Andrea returned home while Gilbert was deciding whether to disenroll her or to put her on probation. Then in July, the Prasses received a call from his office: Andrea had 48 hours to report back to the academy. Gilbert had decided on disenrollment. The Prasses immediately appealed that decision with then-superintendent Lieutenant General John Dallager (who has since been reassigned and demoted in the wake of the rape scandal).
While her appeal was under way, Andrea was ordered to remain on campus, where she shelved books in the library. The academy also moved her to Squadron 41, the disciplinary quarters, where she was placed in a room between a drug user and a male cadet who had been found guilty of downloading child porn. The real indignity, though, was having to wear shoulder boards indicating that she had no rank.
Academy officials refused to discuss Andrea's case with Carol, so she went to the Milwaukee Journal Sentinel, which published an article about Andrea's situation on July 21. The academy let Andrea go home the next day. Since then, several other news organizations have picked up the story, including the New York Times, the L.A. Times, the Chicago Tribune, the Associated Press and CBS Evening News.
In January 2003, the Prasses were contacted by a Colorado Springs Gazette reporter who'd been leaked the results of the inspector general's investigation, which had found that every claim they'd made about the mishandling of Andrea's case and Gilbert's role in it was unsubstantiated. "I was like, 'What?' Do they contact me? Do they contact my congressmen? No, they call this reporter," Carol says.
To get the report, Carol had to file a formal request under the Freedom of Information Act; she was told that it would be April before she'd receive it. Meanwhile, Carol's Wisconsin congressmen, who were aware of Andrea's case from the beginning, had been calling and writing to the Air Force secretary.
The Prasses finally heard from Dallager in February, when he called with an offer: Andrea could return to the academy and serve six months' probation under Gilbert's supervision -- as long as she admitted to lying about having drawn the engine liner. If she successfully completed the probation, she could receive her diploma. The Prasses rejected the offer. "I said I would never take probation for this," Andrea says. "At the end of it, I'd have to turn myself in for lying, because it would have been a lie to admit to something I didn't do."
April brought no IG report, but Dallager came back with three more offers: The Prasses could pay the government the $129,000 cost of Andrea's education; Andrea could do six months' probation; or she could be disenrolled, serve six months' enlisted time and then reapply to the academy. If the academy readmitted her, she could graduate, get her commission and go on to pilot school; if the academy denied her second application, she'd be honorably discharged, granted her degree and made to pay back five-sixths of $129,000. The Prasses rejected these offers, too.

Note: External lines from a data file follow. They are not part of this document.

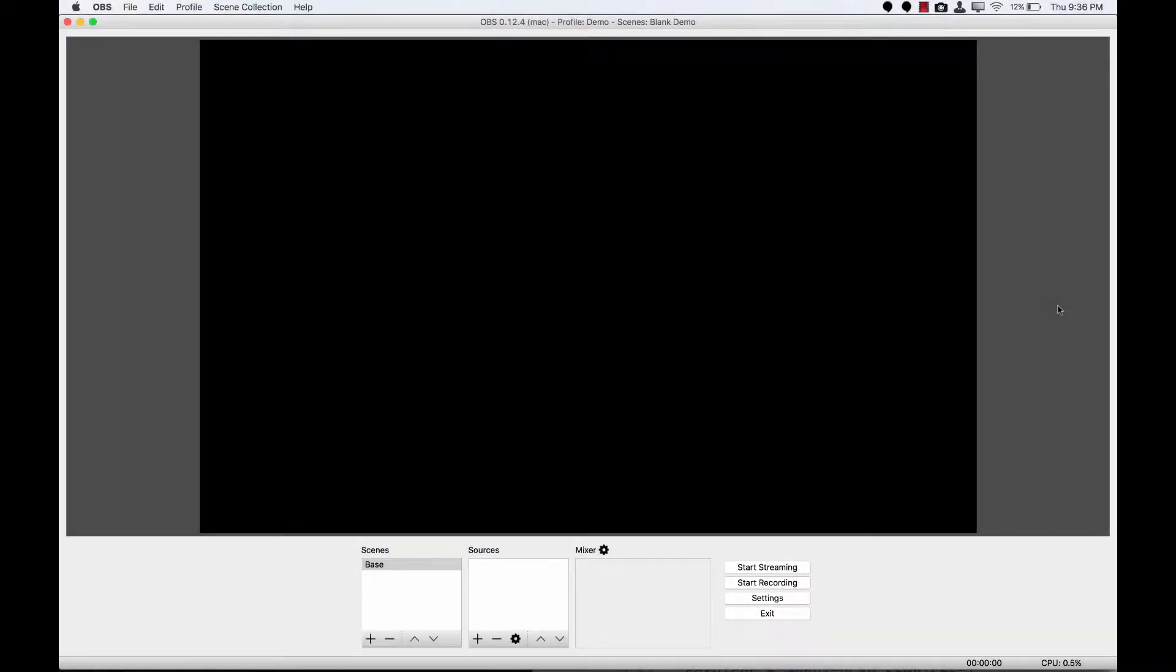Hi, this is Brent Schooley. I'm a developer evangelist at Twilio, and this is the first in a series of videos about setting up OBS on the Mac.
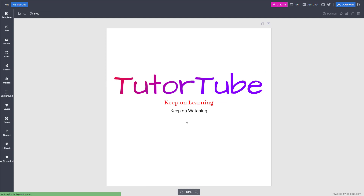That is how you can change the text color, font, and size inside of Plotno. I hope you learned something, and as always please like, comment, share, and subscribe.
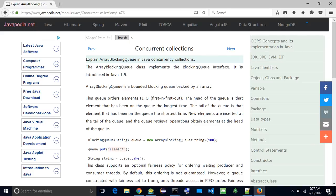This class supports an optional fairness policy for ordering waiting producer and consumer threads. By default, this ordering is not guaranteed. However, a queue constructed with fairness set to true grants threads access in FIFO order. Fairness generally decreases throughput but reduces variability and avoids starvation.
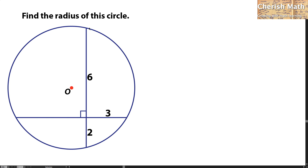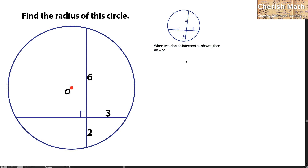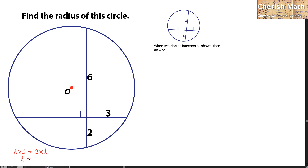My first step is to find the length of this line I'm pointing to here, by using this theorem at the top. When two chords intersect as shown, then A multiplied by B equals C multiplied by D. That means I'm going to apply this using 6 multiplied by 2 equals 3 multiplied by L, the length of this line. And the L I get here is 4.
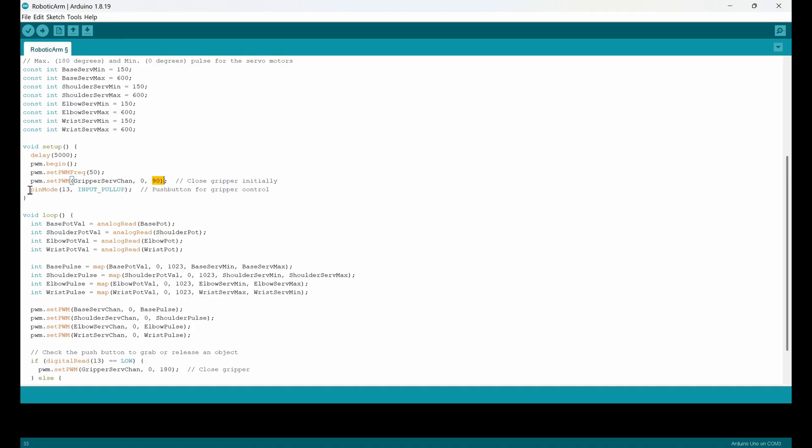And I defined a push button for the gripper. So I connected it to the 13th digital input and I set it to pull up. So you can set it to whatever you want, digital inputs, but I set it to number 13.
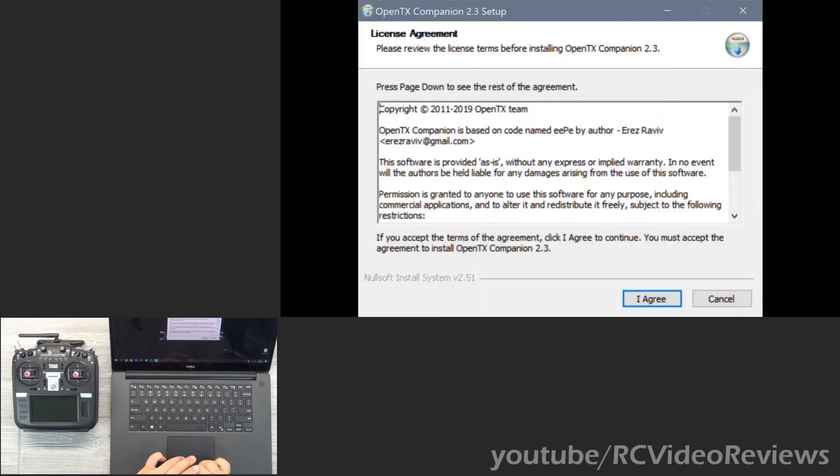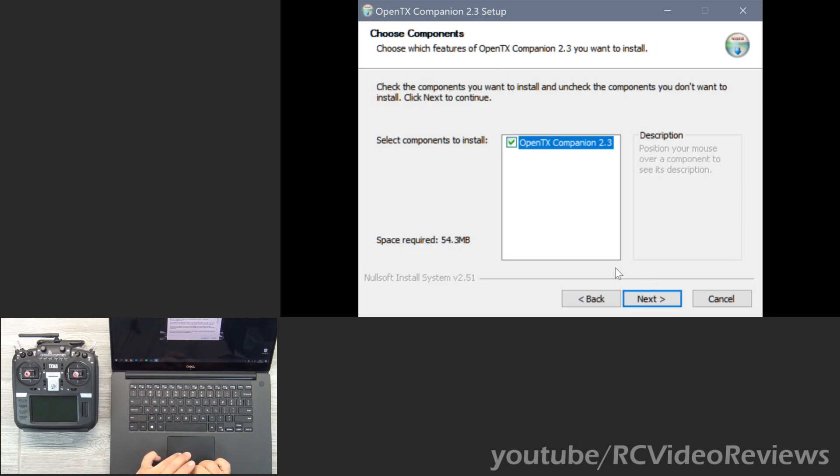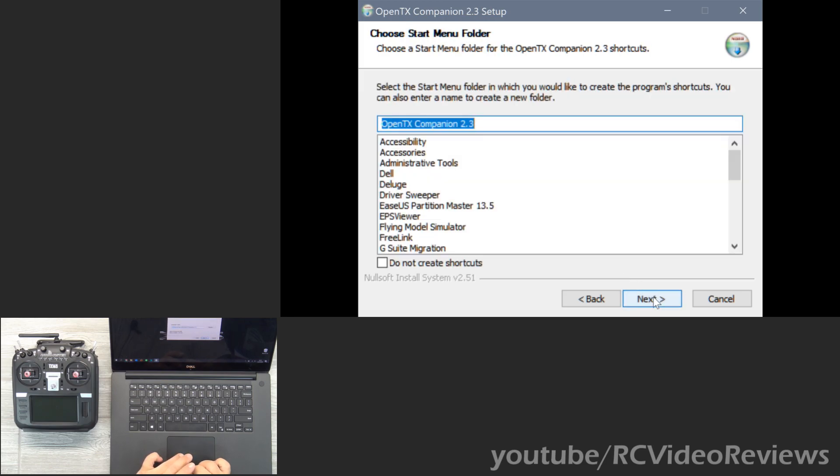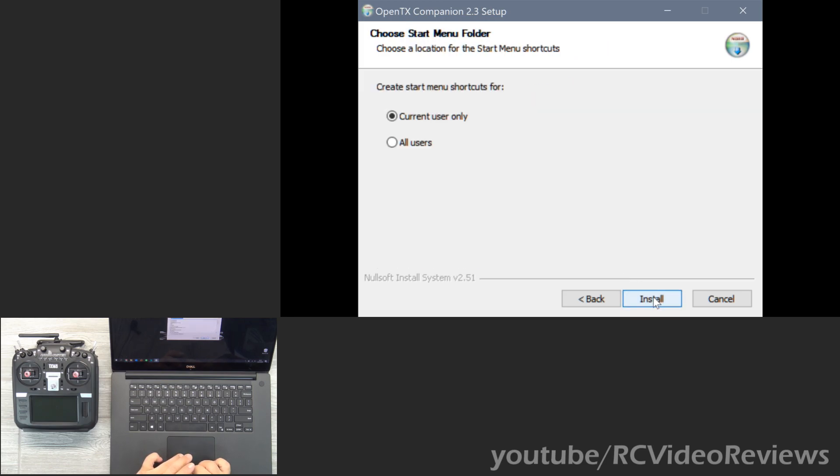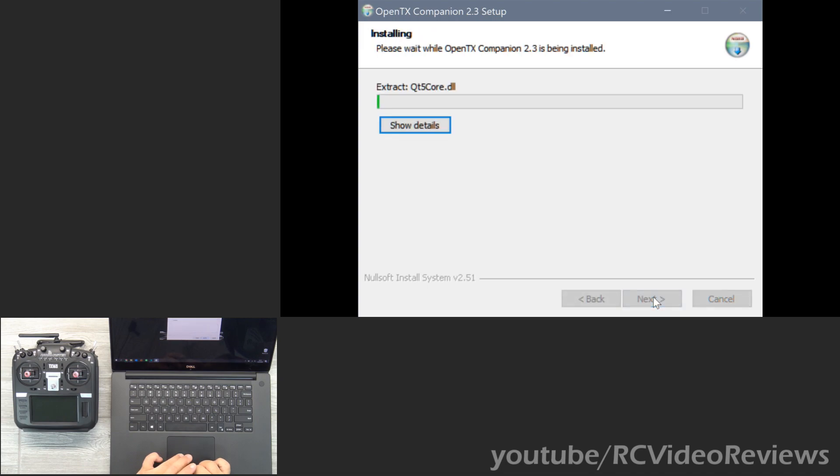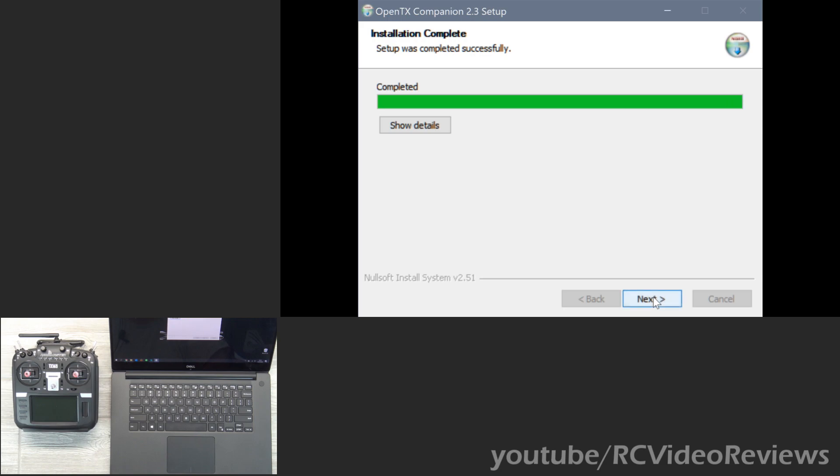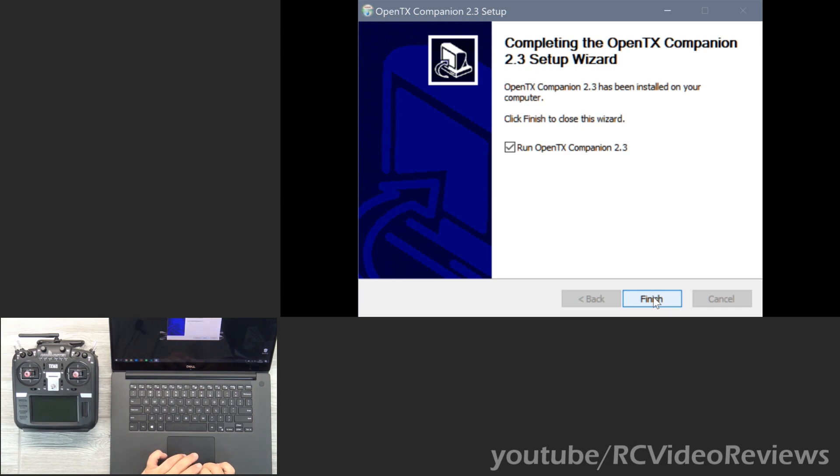Once you double click on the installer, you'll get a box that says OpenTX Companion Setup. Agree to the terms and conditions. Click next, next, next. And decide whether you want for current user only or all users. In my case, I'll just say it's for me only. And we'll let the install complete. Okay, now that the setup is complete, let's run it.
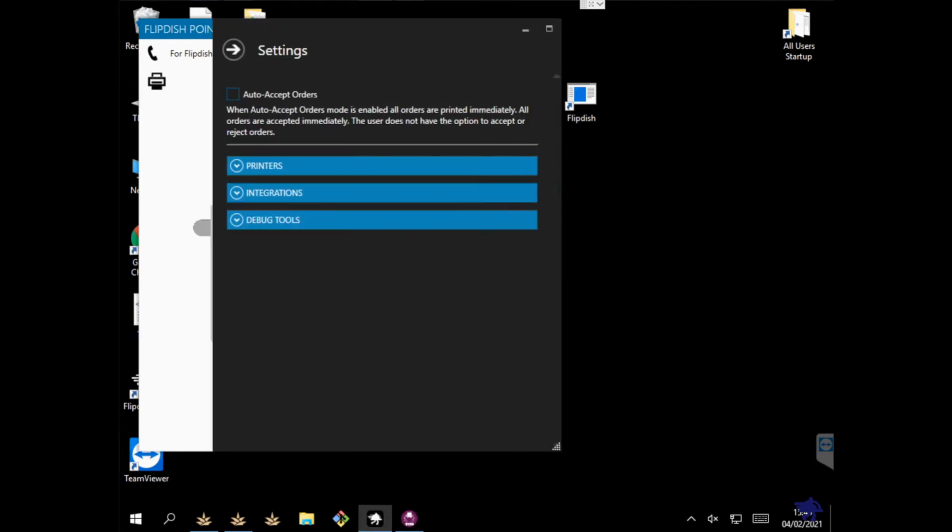If the FlipDish POS app is not running, please open it by searching for FlipDish POS from the start menu.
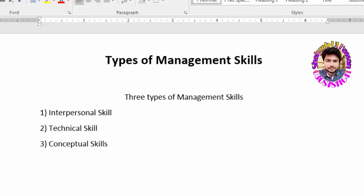Hi guys, today's video topic is on management skills. There are three types of management skills: number one, interpersonal skills; number two, technical skills; number three, conceptual skills.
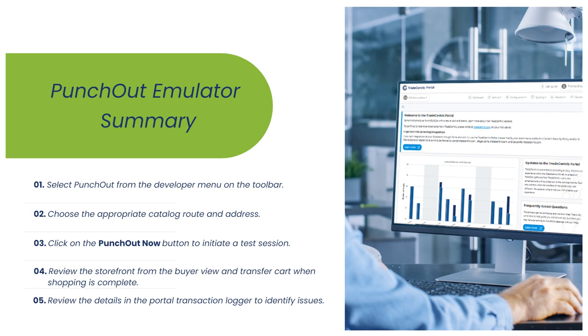That concludes this tutorial on using the Punch-Out emulator tool. Thank you for watching this Trade-Centric University video.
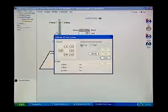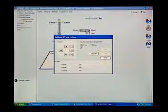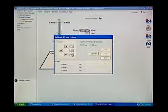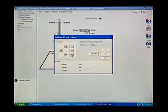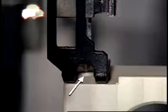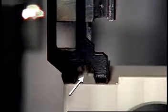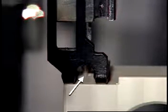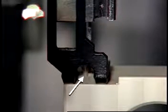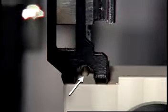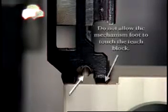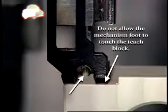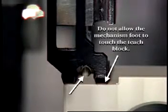Using the 0.1 mm displacement increment, lower the puncture needle to the teach block hole until the tapered tip of the needle begins to enter the hole. Lower it only enough to confirm an accurate X and Y alignment. Do not allow the mechanism foot to touch the teach block.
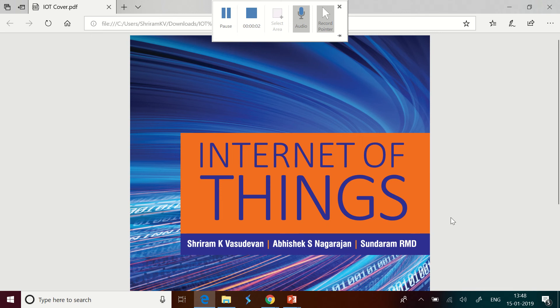Hello friends, this time I'm not going to teach you something but I'm going to let you know about the new book that I have authored.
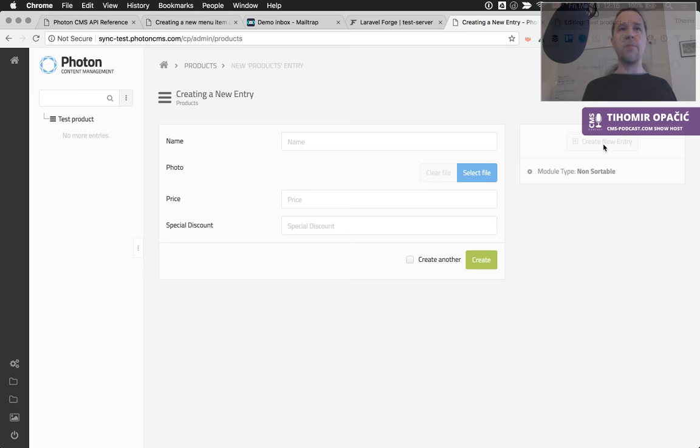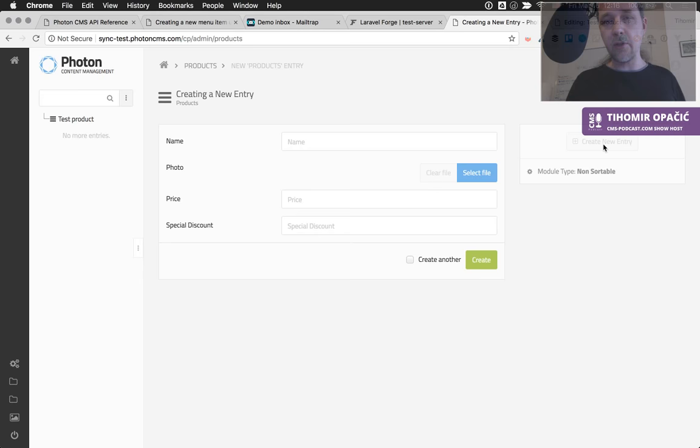That wraps it up — that's everything I have for you today. Go ahead and check out Photon CMS at photoncms.com, stay tuned for more great reviews, and listen to the CMS Podcast — I'm about to interview some really interesting folks in the CMS community. Bye!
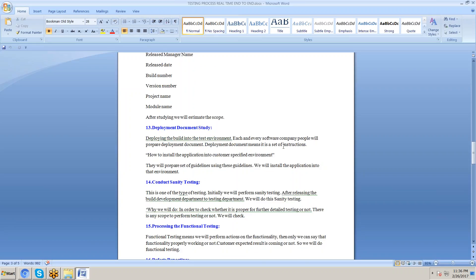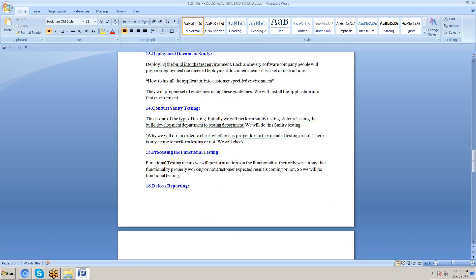Before delivery, we create a setup in our company. If it works, we go to the client site and install the application. Using the deployment document, we install the application to the client environment. We then conduct build acceptance testing, also called sanity testing or smoke testing, to verify that the build is suitable for detailed testing.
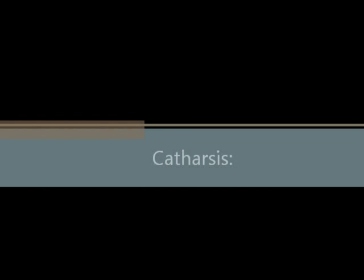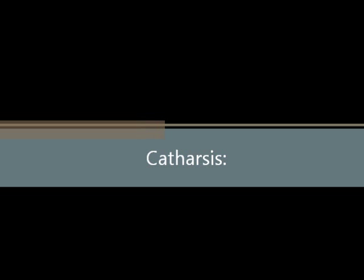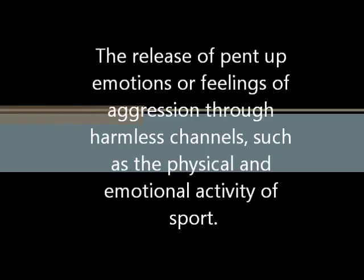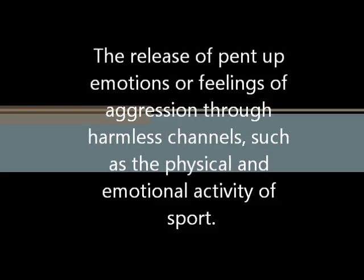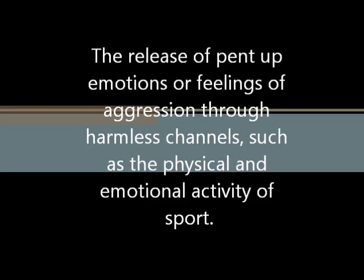This displacement with accompanying release of a driving force is known as catharsis. This experience is supposed to allow a release of emotion and tension so that individuals feel less aggressive.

At the end of May, as their appeal made its way to the secretary of the Air Force, the Prasses finally received the IG report, which cleared Gilbert of all wrongdoing. To Carol, it appeared as if only selective pieces of evidence were referenced to make Andrea look bad. The course syllabus, which explained that students could use any and all outside work for the project, wasn't even cited.
Gilbert had told the IG that Andrea's "attempt to deceive her classmates by lying, to perhaps get a little additional credit for work that she didn't do, did not bode well for someone we were going to turn loose on the Air Force in eight days."
He also denied that what Andrea went through with Matt constituted harassment. "Gilbert said the conclusion of the investigation was that 'they don't get along, they fight like cats and dogs, but there's no harassment here,'" the report states. And her AOC, Major Meyer, practically faulted Andrea for getting herself into the whole honor mess. "Did I use the term that...it was her fault? I don't remember saying that specifically, but I might have alluded to it, saying that, you know, this whole thing is more or less your fault because, you know, if you would've ever just clarified yourself in a way, it would've never went to a board, it wouldn't ever have gotten this far."
More than a year after she should have graduated, Andrea, now 23 and still technically a cadet, waits to learn the outcome of her case, which rests with the Air Force secretary. For a long time after returning to her parents' house a year ago this week, she was so depressed that she rarely turned off the television or left the couch. Now she's finally starting to get on with her life, volunteering for the local fire department and trying not to be bitter.